It must be verified. A set of 21 certainly doesn't
guarantee that it's a covering set. My test found cases
where it took 28 six-number combinations to achieve
covering.
> [21 is not the optimal set of 6s covering all 4s]
Right. You can prove that simply by demonstrating the
existence of a 20 number covering set, of which I found
numerous examples.
>
> III) Do you think 20 is the optimal or least numbers of subsets of 6's
As pointed out by others, 18 is the minimum, but you
have to find an 18 or 19 set to prove it. Apparently,
no one (including me) has found one yet.
>
> III) I do my verification slightly differently than you, a bit more
> clumsy using Powerbasic,
> but the result is the same .
> This is why I am not familiar with some of your terms which are much
> more mathematical.
I'll try to do a write up of my algorithm later. I also
use the binary number thing to create the covering sets
(sounds like your e-mail friend was doing something similar
if his program involved a lot of 1s and 0s). My program
finds sets of 20 quite quickly, so maybe my approach to
finding them is better.
>
> Your verification using binary number is easier and will use it in my
> future verifications.
I hope your PowerBasic supports Big Integers!
>
> IV) Is it possible to find out if the number 20, as a minimum, can be
> improved on?
After reading the web sites listed in this thread, no.

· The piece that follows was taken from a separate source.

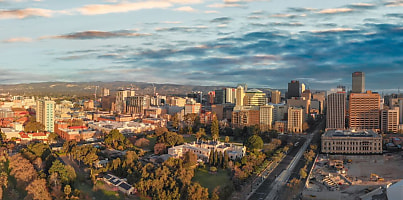 adelaide cbd aerial sunset reb wwo9fv
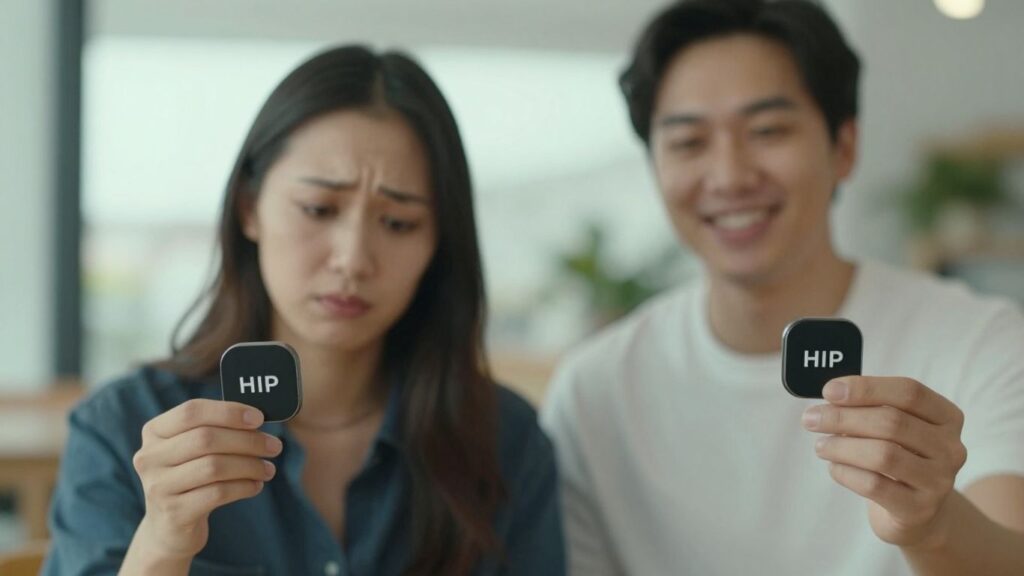 Disappointed person contrasts with happy person holding bHIP product.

> My feelings are telling me 19 and even 18 is possible.
Sure, possible. But, being NP-hard, it might not be provable.
>
> V) I mean, is it possible to design a system / algorithm /
> brain_storming_pool which will
> find automatically the least number of combination of 6's covering
> all the combinations of 4's?
You'll see the term "greedy" used a lot on the references.
My program uses that technique. Basically, what it means
is that at every decision point, pick the best choice.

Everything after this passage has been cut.